### WHAT YOU HAVE TO DO
Transcribe the stretch of entries below from the line with "Фотография Замятниной Светланы" through the line with "Sheikh Zainuddin, Bengal", exactly and with both ends included; leave out all other lines.

### PROVIDED MATERIAL
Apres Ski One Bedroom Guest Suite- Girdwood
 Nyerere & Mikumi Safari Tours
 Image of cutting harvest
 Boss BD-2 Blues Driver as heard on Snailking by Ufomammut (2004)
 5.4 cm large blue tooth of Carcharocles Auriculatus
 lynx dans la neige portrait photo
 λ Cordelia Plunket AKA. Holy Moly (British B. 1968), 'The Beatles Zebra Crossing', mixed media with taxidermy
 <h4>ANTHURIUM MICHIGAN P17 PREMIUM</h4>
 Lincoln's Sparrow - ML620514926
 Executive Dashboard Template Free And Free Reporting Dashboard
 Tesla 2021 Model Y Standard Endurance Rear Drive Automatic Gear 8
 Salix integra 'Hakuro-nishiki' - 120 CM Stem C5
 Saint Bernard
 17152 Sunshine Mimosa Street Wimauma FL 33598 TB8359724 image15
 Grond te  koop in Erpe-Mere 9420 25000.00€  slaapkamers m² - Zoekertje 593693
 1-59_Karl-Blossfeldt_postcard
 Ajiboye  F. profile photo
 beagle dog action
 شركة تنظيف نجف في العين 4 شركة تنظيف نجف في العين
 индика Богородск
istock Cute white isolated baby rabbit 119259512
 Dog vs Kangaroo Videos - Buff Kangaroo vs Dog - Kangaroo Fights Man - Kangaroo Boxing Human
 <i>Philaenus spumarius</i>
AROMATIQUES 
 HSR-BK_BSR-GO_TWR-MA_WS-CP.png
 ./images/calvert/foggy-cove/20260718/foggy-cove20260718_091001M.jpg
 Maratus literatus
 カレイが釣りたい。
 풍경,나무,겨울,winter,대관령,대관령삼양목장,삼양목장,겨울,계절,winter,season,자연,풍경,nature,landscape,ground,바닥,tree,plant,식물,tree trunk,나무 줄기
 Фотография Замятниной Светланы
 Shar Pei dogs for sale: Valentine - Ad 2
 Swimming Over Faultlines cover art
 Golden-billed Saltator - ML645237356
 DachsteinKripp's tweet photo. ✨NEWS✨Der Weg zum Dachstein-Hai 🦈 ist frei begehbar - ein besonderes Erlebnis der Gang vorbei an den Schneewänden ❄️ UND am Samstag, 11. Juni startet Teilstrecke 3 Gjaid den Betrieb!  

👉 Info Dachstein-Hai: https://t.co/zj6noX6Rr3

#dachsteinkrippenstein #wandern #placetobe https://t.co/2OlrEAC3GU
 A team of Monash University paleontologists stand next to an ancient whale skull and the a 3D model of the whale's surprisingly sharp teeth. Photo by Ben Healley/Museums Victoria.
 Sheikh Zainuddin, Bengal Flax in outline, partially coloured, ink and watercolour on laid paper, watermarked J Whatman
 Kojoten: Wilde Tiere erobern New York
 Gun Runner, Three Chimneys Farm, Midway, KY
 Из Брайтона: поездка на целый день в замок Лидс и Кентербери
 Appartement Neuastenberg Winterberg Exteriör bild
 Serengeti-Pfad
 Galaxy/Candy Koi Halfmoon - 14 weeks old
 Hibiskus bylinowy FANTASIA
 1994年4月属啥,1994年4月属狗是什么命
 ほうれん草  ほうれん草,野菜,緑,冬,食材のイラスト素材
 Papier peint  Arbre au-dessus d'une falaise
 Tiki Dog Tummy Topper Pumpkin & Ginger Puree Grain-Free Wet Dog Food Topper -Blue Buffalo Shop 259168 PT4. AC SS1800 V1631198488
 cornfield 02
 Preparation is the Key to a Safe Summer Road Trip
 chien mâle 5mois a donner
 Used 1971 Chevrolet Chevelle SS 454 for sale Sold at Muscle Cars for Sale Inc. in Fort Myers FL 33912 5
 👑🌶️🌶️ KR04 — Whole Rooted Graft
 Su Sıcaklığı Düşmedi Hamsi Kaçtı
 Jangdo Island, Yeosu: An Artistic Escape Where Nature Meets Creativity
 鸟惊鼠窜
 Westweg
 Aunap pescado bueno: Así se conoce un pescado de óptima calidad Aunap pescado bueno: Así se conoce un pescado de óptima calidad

### EXERCISE RESULT
 Фотография Замятниной Светланы
 Shar Pei dogs for sale: Valentine - Ad 2
 Swimming Over Faultlines cover art
 Golden-billed Saltator - ML645237356
 DachsteinKripp's tweet photo. ✨NEWS✨Der Weg zum Dachstein-Hai 🦈 ist frei begehbar - ein besonderes Erlebnis der Gang vorbei an den Schneewänden ❄️ UND am Samstag, 11. Juni startet Teilstrecke 3 Gjaid den Betrieb!  

👉 Info Dachstein-Hai: https://t.co/zj6noX6Rr3

#dachsteinkrippenstein #wandern #placetobe https://t.co/2OlrEAC3GU
 A team of Monash University paleontologists stand next to an ancient whale skull and the a 3D model of the whale's surprisingly sharp teeth. Photo by Ben Healley/Museums Victoria.
 Sheikh Zainuddin, Bengal Flax in outline, partially coloured, ink and watercolour on laid paper, watermarked J Whatman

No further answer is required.